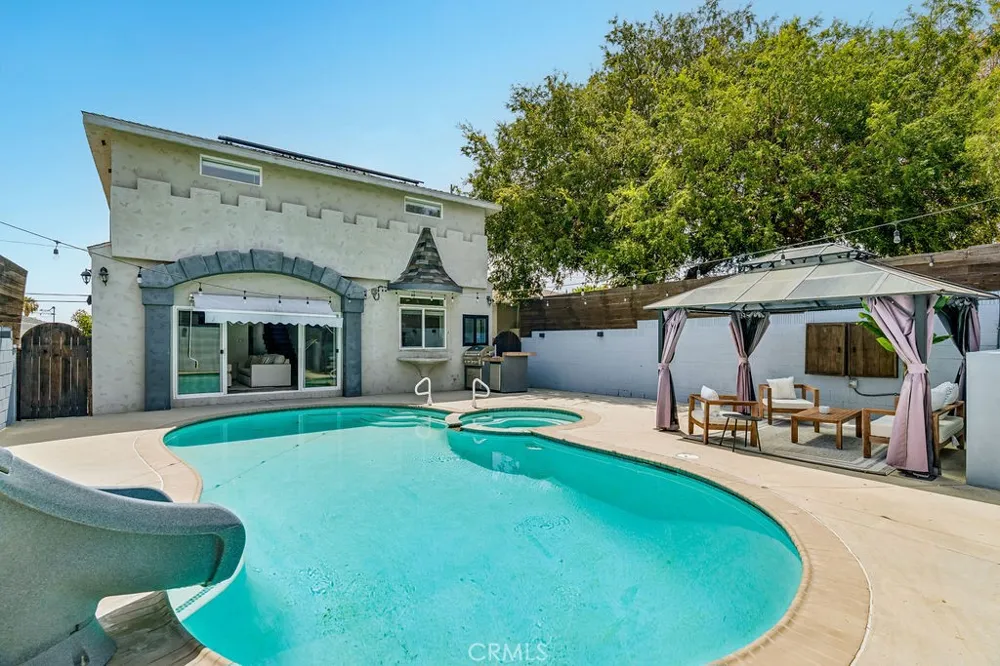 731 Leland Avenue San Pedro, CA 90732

········

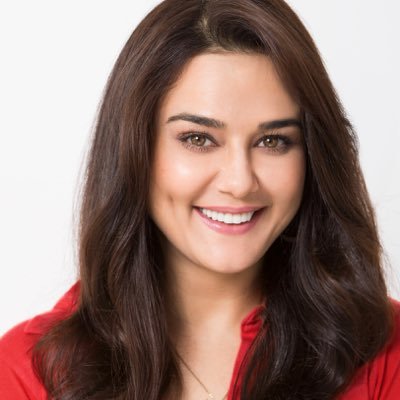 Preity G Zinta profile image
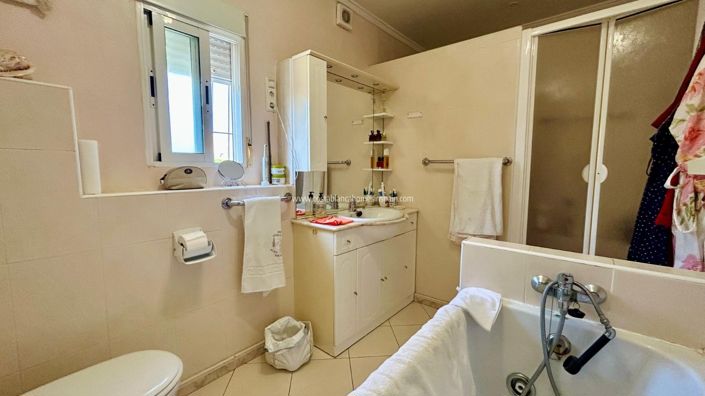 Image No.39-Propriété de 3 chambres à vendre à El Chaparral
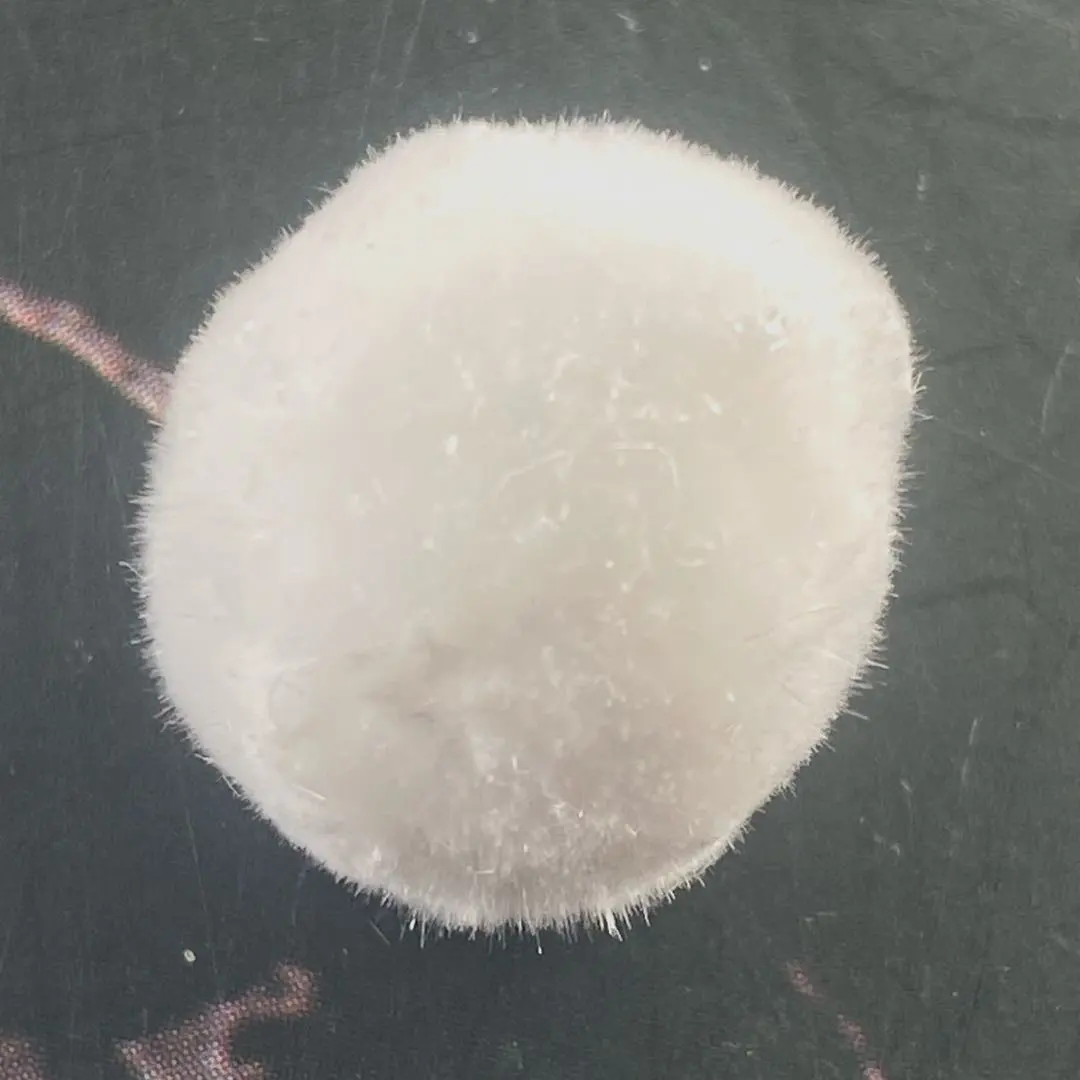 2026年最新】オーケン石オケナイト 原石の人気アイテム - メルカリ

········

:: How to complete this task ::
Line for line, output the entries above from the line with "Image No.39-Propriété de" to the line with "2026年最新】オーケン石オケナイト 原石の人気アイテム - メルカリ", both included, and nothing more. Skip pictures.

:: Written answer ::
 Image No.39-Propriété de 3 chambres à vendre à El Chaparral
 2026年最新】オーケン石オケナイト 原石の人気アイテム - メルカリ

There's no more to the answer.